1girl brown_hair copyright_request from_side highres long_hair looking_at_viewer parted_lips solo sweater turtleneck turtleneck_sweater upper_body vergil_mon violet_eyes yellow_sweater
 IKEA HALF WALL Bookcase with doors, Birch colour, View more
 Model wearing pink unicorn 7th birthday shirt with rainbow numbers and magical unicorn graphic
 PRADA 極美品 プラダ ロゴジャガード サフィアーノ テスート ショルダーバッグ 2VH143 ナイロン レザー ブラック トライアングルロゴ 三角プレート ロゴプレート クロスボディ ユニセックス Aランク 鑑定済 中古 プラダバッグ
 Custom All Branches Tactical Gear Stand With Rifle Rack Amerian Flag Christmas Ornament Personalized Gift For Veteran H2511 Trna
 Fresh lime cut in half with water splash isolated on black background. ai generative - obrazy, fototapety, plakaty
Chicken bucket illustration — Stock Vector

────────────────

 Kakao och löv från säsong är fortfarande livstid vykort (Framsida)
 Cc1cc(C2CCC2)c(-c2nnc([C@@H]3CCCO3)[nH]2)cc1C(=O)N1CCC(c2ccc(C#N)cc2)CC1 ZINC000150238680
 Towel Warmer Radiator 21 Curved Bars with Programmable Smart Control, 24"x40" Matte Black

────────────────

Please return the lines above that run from the line containing "IKEA HALF WALL" to the line containing "Chicken bucket illustration — Stock Vector", inclusive, exactly and with no other lines.

Response to the task
 IKEA HALF WALL Bookcase with doors, Birch colour, View more
 Model wearing pink unicorn 7th birthday shirt with rainbow numbers and magical unicorn graphic
 PRADA 極美品 プラダ ロゴジャガード サフィアーノ テスート ショルダーバッグ 2VH143 ナイロン レザー ブラック トライアングルロゴ 三角プレート ロゴプレート クロスボディ ユニセックス Aランク 鑑定済 中古 プラダバッグ
 Custom All Branches Tactical Gear Stand With Rifle Rack Amerian Flag Christmas Ornament Personalized Gift For Veteran H2511 Trna
 Fresh lime cut in half with water splash isolated on black background. ai generative - obrazy, fototapety, plakaty
Chicken bucket illustration — Stock Vector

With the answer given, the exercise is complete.